In his book Surprised by Hope, N. T. Wright expounds on this connection. He writes, “You are not oiling the wheels of a machine that's about to roll over a cliff. You are not restoring a great painting that's shortly going to be thrown on the fire. You are not planting roses in a garden that's about to be dug up for a building site. You are… accomplishing something that will become in due course part of God's new world… what we do in Christ and by the Spirit in the present is not wasted. It will last all the way into God’s news world. In fact, it will be enhanced there… The work we do in the present, then, gains its full significance from the eventual design in which it is meant to belong.”
How will this translation happen? Will the trees we plant, the injustices we right, the art we create be present in the new world in a way they would not have if we hadn’t begun it all here? I don’t know. But I do think most of us tend to think of heaven as far less embodied than it actually will be: the point of resurrection is not that we will shed ourselves and this world, but that we and our world will rise, remade. Sown in dishonor; raised in glory; sown in weakness, raised in power (15:43). That is why Jesus’ resurrection is everything. It goes both ways: on one hand, we work looking forward, knowing that what we do is not lost and will in fact be brought into greater fullness in eternity. On the other hand, we work as new-creation people called to bring our vision of eternity into the present, to bring the restoration, redemption, and beauty of God’s kingdom into our world now as much as we can.

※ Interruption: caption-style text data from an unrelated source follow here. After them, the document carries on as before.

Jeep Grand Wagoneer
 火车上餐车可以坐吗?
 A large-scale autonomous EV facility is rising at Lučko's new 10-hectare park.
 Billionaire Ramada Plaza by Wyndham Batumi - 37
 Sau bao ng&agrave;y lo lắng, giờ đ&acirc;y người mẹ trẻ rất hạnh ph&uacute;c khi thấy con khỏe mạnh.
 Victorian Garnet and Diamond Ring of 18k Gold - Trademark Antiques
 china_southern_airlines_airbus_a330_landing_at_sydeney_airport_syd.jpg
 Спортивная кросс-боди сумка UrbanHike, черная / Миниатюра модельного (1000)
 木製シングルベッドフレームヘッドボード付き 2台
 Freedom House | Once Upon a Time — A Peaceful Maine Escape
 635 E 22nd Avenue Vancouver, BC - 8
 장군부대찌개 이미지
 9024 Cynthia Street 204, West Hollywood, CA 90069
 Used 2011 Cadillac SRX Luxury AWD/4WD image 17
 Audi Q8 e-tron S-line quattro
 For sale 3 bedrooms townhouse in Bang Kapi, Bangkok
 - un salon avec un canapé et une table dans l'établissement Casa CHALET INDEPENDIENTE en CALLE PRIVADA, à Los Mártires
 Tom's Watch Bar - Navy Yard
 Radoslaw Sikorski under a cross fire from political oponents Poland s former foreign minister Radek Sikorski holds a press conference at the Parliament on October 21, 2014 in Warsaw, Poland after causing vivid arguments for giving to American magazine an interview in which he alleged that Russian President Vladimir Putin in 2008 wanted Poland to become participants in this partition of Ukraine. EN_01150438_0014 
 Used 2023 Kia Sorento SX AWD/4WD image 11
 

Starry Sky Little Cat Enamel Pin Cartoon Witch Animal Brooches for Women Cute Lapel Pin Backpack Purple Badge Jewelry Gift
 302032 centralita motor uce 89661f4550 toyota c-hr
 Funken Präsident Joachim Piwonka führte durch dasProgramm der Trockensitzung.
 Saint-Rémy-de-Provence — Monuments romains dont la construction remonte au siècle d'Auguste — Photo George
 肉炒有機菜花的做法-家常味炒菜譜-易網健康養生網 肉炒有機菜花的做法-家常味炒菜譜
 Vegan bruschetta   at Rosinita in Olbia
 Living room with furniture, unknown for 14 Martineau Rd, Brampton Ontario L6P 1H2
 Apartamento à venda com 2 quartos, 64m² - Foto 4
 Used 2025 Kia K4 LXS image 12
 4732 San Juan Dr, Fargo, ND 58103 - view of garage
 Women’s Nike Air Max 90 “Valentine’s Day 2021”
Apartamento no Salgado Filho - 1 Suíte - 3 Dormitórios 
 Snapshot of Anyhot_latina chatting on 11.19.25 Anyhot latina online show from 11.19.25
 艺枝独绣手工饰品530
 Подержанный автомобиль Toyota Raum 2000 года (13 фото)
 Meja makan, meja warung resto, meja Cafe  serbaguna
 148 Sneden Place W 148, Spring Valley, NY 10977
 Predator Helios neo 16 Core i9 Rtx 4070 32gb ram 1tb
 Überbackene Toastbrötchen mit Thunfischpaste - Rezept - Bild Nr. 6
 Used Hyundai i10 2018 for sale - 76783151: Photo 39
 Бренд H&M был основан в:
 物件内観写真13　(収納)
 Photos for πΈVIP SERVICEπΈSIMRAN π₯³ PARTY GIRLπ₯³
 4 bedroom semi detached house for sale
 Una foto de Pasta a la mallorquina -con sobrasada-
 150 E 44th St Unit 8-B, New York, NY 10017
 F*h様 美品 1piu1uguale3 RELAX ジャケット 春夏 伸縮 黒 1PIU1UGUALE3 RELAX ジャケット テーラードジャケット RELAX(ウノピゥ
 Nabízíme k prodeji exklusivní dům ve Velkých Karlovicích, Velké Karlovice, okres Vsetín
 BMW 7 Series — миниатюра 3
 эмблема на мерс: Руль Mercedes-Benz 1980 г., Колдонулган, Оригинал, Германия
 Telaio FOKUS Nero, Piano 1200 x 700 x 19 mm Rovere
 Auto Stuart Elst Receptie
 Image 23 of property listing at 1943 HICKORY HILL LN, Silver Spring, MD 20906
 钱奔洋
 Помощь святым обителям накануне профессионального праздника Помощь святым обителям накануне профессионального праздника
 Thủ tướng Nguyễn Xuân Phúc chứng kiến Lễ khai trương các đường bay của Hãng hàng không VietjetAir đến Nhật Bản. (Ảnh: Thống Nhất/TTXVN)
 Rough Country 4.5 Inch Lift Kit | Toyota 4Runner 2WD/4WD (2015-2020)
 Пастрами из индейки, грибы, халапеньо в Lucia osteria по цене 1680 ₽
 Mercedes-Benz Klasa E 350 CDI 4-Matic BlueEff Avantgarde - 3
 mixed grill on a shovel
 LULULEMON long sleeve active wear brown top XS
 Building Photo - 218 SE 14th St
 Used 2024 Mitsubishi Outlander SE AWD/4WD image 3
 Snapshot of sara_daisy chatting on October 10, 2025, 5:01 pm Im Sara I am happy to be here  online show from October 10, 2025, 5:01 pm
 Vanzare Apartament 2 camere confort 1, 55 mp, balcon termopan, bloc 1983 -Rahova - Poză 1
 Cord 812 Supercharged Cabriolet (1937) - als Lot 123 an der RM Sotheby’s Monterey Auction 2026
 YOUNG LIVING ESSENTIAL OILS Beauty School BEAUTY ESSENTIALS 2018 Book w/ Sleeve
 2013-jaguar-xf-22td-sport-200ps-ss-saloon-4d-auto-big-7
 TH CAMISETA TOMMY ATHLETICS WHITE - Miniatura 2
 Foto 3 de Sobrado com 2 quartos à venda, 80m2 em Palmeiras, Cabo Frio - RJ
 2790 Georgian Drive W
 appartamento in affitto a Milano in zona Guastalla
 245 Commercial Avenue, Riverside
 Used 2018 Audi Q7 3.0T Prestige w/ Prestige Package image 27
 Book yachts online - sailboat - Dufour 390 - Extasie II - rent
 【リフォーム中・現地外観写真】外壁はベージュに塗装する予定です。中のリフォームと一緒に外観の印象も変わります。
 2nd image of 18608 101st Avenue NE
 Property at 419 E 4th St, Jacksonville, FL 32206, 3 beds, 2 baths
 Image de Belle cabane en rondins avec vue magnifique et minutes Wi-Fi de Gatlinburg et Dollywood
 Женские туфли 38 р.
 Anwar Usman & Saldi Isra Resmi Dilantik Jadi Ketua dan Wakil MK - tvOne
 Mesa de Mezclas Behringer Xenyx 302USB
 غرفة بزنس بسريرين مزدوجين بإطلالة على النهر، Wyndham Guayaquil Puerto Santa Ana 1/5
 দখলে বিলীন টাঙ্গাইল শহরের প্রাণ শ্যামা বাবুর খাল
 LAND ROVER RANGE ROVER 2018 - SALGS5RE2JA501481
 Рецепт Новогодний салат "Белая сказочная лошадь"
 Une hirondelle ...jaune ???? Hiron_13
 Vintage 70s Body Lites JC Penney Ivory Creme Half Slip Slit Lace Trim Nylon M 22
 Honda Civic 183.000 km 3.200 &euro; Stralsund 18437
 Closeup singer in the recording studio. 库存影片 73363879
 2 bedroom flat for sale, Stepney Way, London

This time has changed the nature of our labors: we’re wrangling with more digital platforms; we’re doing more cooking and cleaning around the house. It has changed the value of our work, separating out what is deemed “essential” or not. But the resurrection changes how we see and do all our labors. It tells us why “inessential” things like beauty and creativity are necessary. It changes how and why we wipe a counter or try to get our kids to understand a math problem. None of it is pointless; none of it is lost. Abound in your work, Paul says. Persevere. Don’t give up. Your labor is not in vain.